Powers of the Governor
- The Governor has the power to grant pardons, reprieve, etc. (Article 161).
- There is a Council of Ministers with the CM at the head to aid and advise the Governor in the exercise of his functions, except some conditions for discretion. (Article 163).
- The Governor appoints the Chief Minister and other Ministers (Article 164).
- Governor assents, withholds assent, or reserves the bill for the consideration of the President passed by the Legislative Assembly (Article 200).
- Governors may promulgate the Ordinances under certain circumstances (Article 213).
Friction Points in Governor-State Relations
- There are no provisions laid down for the manner in which the Governor and the state must engage publicly when there is a difference of opinion.
- The Governor has a 5-year tenure, but he/she can remain in office only until the pleasure of the President.
- In 2001, the National Commission to Review the Working of the Constitution held that the Governor owes his appointment and his continuation to the Union.
- There is the apprehension that he is likely to act in accordance with the instructions received from the Union Council of Ministers.
- In the Constitution, there are no guidelines for exercise of the Governor’s powers, including for appointing a CM or dissolving the Assembly.
- There is no limit set for how long a Governor can withhold assent to a Bill.
- The Governor sends a report for invoking Article 356 (President’s Rule) to the centre on the basis of the Union cabinet’s recommendations.
Various Committees and their Recommendations on Selection of Governors
- NCRWC: The National Commission to Review the Working of the Constitution appointed in 2000 suggested that the Governor of a State should be appointed by the President, after consultation with the Chief Minister of that State.
- Sarkaria Commission: The Sarkaria Commission, 1983 proposed that the Vice President of India and Speaker of Lok Sabha should be consulted by the Prime Minister in the selection of Governors.

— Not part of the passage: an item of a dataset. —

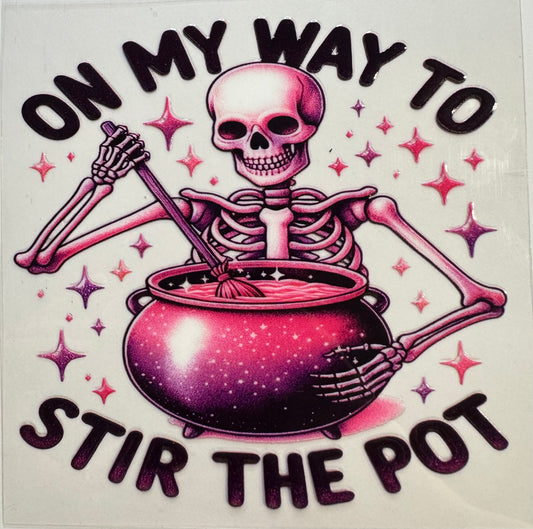 Stir The Pot Decal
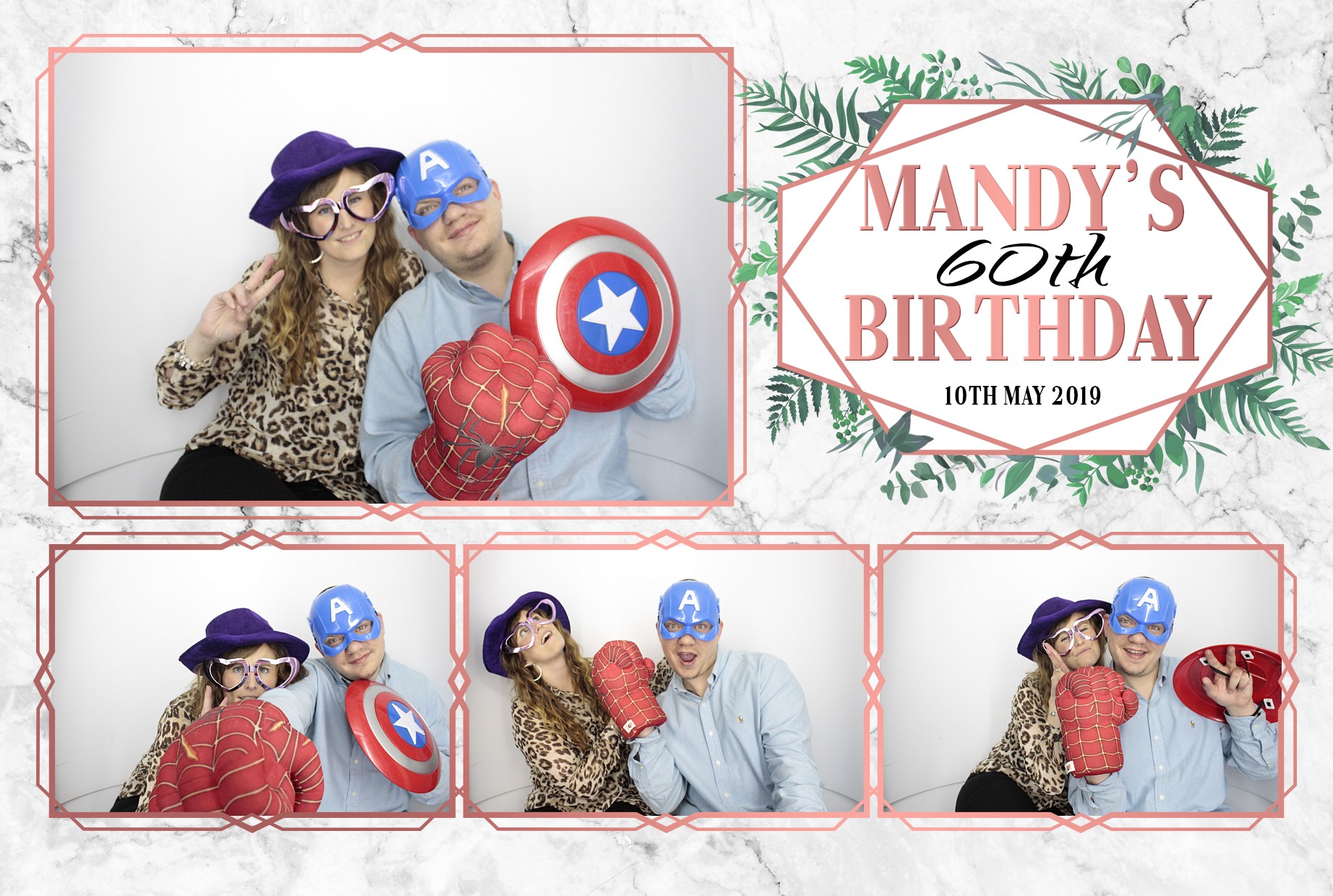 Mandy's 60th  Birthday Party | View more photos from the event at gallery.myphotoboothexperience.co.uk/u/MyPhotoBoothExperienceLtd/Mandys-60th-Birthday-Party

- Punchhi Commission: The committee proposed in its report that a committee comprising the Prime Minister, Home Minister, Vice President, Speaker, and the concerned Chief Minister should choose the Governor.
- The Punchhi Committee recommended deleting the “Doctrine of Pleasure” from the Constitution, but backed the right of the Governor to sanction the prosecution of ministers against the advice of the state government.
- It also argued for a provision for impeachment of the Governor by the state legislature.